Görünen o ki MİT tam anlamıyla şeffaflıktan uzaklaştırılıyor, hesap verebilir, denetlenebilir olmaktan çıkarılıyor. Evet, faaliyetleri gizlidir ama bu onların sınırsız yetkili olduğu anlamına gelmez. Görev ve yetkileri yasayla belirlenir. Denetlenir, hesap verebilir bir dengenin mutlaka kurulması gerekiyor. İdari ve yargı denetimleri, parlamento denetimi her zaman mümkün olabilmeli.
Örneğin MİT yetkililerine, Ayvalık’ta bulunan tesislerin akıbeti sorulabilmeli. O tesislerin hangi siyasetçinin yakınına otel yaptırması için verildiği açıklanabilmeli.
Ülkede güvenlik ve istihbarat ile ilgili yasal bir düzenleme yapılacağı zaman ortalığın sakin olması, güvenlik uzmanlarının yapılmak istenen düzenlemeleri tartışması, batı ülkelerindeki uygulamaları da dikkate alınıp düzenlemelerin buna göre yapılması gerekir. Gelişen ani olaylara dayanarak “yasa çıkartırım” demekle olmuyor. Yasa çıkartıp bir gün sonra değiştirmek de parlamentonun saygınlığını gölgeliyor.
Nitekim, getirilmek istenen düzenlemeye MİT bir isim verse herhalde bunun adı “Kıskaç operasyonu” olur. Her şeyiniz didik didik edilecek, her şeyiniz araştırılacak. Bunların, gerçekten hangi amaçla kullanılacağını da baskının giderek arttığı dönemde tahmin etmek de zor değil.

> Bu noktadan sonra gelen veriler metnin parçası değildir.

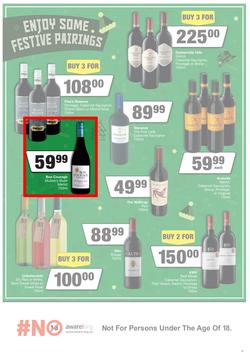SUPERSPAR EASTERN CAPE : Our Best For Less (26 October - 7 November 2021) Valid In | Bluewater Bay, Amalinda, Knysna, Heather Park, Jeffery's Bay, Rosehill, Protea, Sedgefield, Spandau, page 18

“Şeffaflığı”, “demokrasinin ilerisini” ağızlarından düşürmeyenlerin, çıkarmak istedikleri yasalar ise bu sözcüklerle asla bağdaşmıyor. Evet, ülkemizin güçlü istihbarat kuruluşu olsun ama bunların da her zaman denetlenebilir, hesap verebilir konumda tutulmasının o kuruluşları büyüteceğini unutmayalım.